Just to the south the ridgeline gives way to a wide channel that draws the moisture inland from the Pacific toward Petaluma. That swath, buffeted by cold winds in the winter and summer, is marked by high undulating grassy hills best suited for dairy and grazing. In the spring it looks a bit like Ireland. That’s where you find loads of goat farms, Bill Niman’s beef, Straus milking cows, the Cowgirl Creamery and a wide range of artisinal cheese makers.
But where we are to the north it’s considered the banana belt – a perfect marrying of temperatures that near anything can grow here. Luther Burbank’s original farm sits about two miles to the north. There he developed hundreds of new varieties of apples, stone fruit, cacti, vegetables, ornamentals and what not. He supposedly thought it was the most perfect growing environment in the world. The land we sit on has grown cherries, prunes, plums, apples. It can support Meyer lemons and blood oranges. Figs and olives and grapes and walnuts. Peaches, nectarines, lettuces, winter brassicas. California oak acorns and redwoods. You name it.
And by yet another designation, the north of us is home to a vestigial group of Algonkian speakers – Yurok and Wiyot left over from the ancient middle incursion onto the continent. They most likely stayed put on the coast while their relatives pressed onward to the east, ultimately populating the entire eastern seaboard. The Algonkians are surrounded by a once heavy population of Athabascans – later arrivals from the third migration. They had come down from the Alaskan interior and the Arctic circle, having left their Inuit and Yupik cousins sometime way back. Resourceful opportunists they filled in the territory in north eastern California. Their De’na relatives pushed further, of course, down into Idaho, Colorado and the Southwest. To the south and east of us, it’s mostly Uto-Aztecan, the domain of the Paiute that ranged into the Sierras along with many of the central valley Sonoran tribes: Colorado indians, the Chemehuevi, Mojave. Some were Quechuan. But most, like the folk down south on the coast – the Kumeyaay, Diegueño, Cahuilla – are mostly cousins of the Puebloans – all folks left behind on the great historic primary migrations from the south.

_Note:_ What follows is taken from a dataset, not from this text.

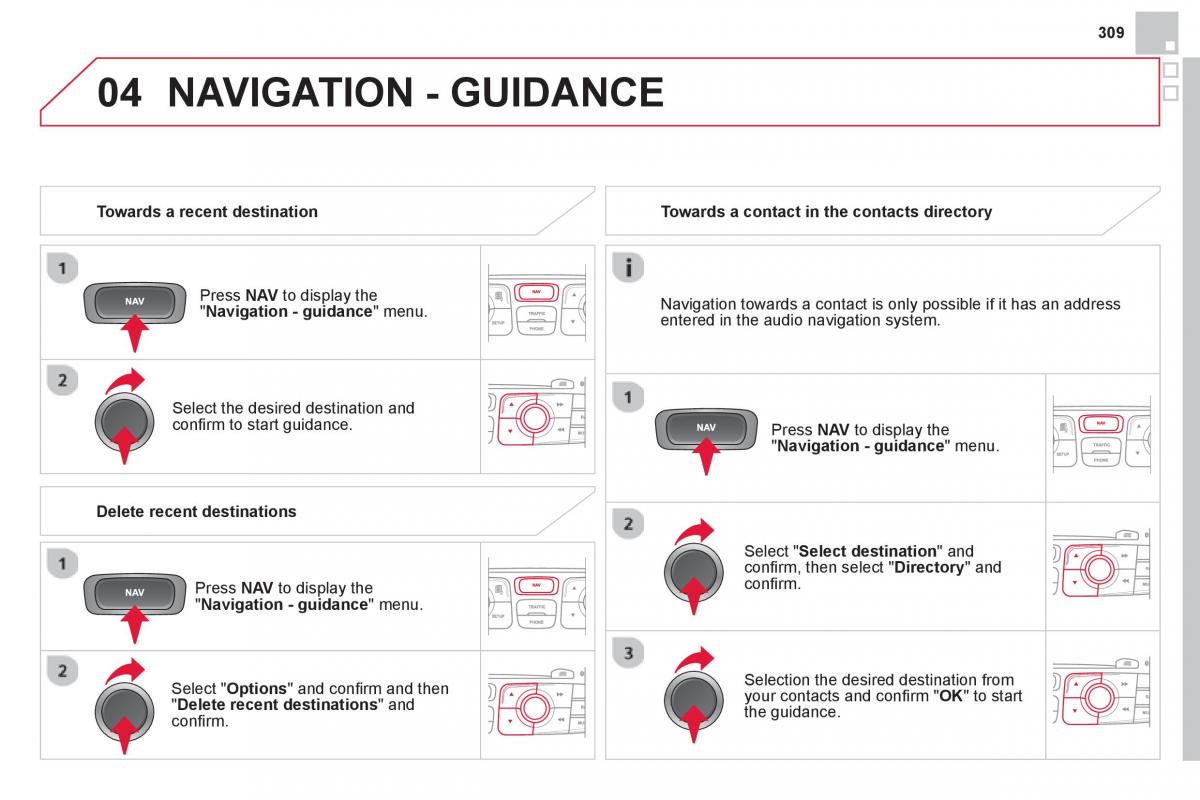 Citroen DS4 owners manual / page 311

As for us, we’re living on Pomo and Coastal Miwok land. Back in the day, winters were spent on this ridge line where we now live. In the summer, families and clans settled on the perimeter of what is now called the Laguna de Santa Rosa – the enormous seasonal estuary that extends from Petaluma and the Bay tidal marshes all the way up to the Russian River and Dry Creek Valley. The lagoon is the heart of this place. In the summer, the flat oak studded grasslands extend across the valley to the Mayacama mountains and the delightful hump of Mount St. Helena. In the winter, the tidal reach and flooding extends right up the valley, inundating the land near to the Gravenstein Highway. The lagoon is rich land. Our food comes from there. Literally. For the time being we get our veggies from Laguna Farm – a group of industrious folks who have intensively planted a small area on the edge of the lagoon. Right now we’re getting radishes, kales, chards, brussel sprouts, broccoli, an abundance of salad greens, carrots – most of it hauled out of those wetlands or the areas planted on a knoll adjacent to our house.
I was born in California. It’s my native land. And now after decades away we’ve returned as Californians. I explain to my daughter that this ultimately is the place which we are from. But we also return as guests of those residents that preceded along with all those energies still present. In the morning after the fog burns, I look out the window. The possibilities are manifold. The world sparkles in all it’s glorious frission.